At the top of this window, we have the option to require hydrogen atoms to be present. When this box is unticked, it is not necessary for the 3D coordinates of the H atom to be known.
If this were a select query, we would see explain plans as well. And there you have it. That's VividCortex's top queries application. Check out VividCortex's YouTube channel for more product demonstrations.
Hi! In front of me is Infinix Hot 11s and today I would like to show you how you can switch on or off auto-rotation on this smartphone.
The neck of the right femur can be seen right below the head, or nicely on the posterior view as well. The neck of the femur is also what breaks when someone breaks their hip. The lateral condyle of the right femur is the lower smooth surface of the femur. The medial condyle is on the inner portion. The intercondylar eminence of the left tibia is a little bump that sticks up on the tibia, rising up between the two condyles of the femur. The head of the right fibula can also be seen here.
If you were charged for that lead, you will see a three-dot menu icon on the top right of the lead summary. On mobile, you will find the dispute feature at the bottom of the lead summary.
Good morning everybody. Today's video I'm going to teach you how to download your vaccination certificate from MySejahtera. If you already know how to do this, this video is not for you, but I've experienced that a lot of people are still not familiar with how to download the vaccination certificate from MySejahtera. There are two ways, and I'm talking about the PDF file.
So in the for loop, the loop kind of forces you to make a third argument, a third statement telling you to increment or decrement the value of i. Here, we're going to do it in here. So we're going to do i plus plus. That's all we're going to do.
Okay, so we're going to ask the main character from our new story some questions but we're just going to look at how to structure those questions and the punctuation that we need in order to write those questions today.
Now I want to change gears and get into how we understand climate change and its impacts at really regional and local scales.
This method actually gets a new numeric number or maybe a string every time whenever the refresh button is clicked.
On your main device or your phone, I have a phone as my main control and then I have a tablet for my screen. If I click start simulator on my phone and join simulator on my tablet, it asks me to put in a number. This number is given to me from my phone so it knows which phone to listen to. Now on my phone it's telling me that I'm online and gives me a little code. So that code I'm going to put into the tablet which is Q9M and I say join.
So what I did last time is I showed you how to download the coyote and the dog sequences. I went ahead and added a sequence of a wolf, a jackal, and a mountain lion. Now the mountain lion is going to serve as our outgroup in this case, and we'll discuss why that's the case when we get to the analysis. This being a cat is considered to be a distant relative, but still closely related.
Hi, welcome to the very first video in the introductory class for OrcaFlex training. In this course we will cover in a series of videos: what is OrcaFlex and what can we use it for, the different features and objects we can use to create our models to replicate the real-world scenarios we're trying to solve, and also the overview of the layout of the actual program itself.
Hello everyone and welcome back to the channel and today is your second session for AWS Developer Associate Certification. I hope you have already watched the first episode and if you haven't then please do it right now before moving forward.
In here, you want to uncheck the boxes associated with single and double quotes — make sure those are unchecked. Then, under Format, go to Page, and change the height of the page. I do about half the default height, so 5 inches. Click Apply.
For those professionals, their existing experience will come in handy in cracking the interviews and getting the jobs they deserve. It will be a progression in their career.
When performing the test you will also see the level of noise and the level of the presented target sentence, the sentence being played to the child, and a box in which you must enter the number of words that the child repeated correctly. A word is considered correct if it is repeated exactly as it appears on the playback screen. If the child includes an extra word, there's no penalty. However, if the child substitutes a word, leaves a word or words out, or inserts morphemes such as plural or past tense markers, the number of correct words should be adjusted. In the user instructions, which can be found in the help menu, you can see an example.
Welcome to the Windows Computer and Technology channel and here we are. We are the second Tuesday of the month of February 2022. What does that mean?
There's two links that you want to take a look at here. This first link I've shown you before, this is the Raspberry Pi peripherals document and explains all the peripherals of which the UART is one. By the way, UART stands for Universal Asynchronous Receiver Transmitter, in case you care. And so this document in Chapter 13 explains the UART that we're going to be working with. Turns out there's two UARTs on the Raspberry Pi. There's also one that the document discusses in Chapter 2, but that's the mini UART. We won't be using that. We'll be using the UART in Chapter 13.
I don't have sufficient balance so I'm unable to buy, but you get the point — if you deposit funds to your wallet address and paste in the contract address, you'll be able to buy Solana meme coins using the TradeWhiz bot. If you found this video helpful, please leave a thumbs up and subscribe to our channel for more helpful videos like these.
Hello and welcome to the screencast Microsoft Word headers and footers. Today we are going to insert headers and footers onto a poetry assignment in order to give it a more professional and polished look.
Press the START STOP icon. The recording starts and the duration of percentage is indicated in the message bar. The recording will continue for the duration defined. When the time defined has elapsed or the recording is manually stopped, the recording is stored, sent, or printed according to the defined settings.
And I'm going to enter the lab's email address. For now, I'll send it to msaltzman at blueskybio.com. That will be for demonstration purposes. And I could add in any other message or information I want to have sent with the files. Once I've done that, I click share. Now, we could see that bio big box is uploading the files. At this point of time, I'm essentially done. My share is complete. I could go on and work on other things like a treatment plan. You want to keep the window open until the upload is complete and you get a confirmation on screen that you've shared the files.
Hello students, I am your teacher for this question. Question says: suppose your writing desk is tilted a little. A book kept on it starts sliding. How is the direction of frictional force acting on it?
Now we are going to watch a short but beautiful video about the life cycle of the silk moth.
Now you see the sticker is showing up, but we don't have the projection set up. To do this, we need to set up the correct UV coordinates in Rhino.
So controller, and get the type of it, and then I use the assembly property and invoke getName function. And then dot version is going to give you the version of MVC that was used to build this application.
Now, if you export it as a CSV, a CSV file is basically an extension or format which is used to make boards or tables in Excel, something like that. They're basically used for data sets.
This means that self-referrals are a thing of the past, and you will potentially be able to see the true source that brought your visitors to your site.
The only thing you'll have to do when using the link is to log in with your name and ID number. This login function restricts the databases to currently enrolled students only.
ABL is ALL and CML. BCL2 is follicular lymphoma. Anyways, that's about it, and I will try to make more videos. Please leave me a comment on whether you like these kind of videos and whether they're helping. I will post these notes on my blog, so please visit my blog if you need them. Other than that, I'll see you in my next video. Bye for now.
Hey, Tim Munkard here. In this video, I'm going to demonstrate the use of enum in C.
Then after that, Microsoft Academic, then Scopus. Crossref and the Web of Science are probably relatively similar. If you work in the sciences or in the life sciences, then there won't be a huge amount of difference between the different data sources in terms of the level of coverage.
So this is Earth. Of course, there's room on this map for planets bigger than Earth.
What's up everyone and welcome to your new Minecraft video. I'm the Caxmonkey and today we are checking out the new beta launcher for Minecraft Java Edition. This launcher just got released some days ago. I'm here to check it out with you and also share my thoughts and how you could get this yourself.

EXERCISE INSTRUCTIONS -> Where a line in the material above holds "course", copy that line.

RESPONSE BELOW ->
Hi, welcome to the very first video in the introductory class for OrcaFlex training. In this course we will cover in a series of videos: what is OrcaFlex and what can we use it for, the different features and objects we can use to create our models to replicate the real-world scenarios we're trying to solve, and also the overview of the layout of the actual program itself.
So this is Earth. Of course, there's room on this map for planets bigger than Earth.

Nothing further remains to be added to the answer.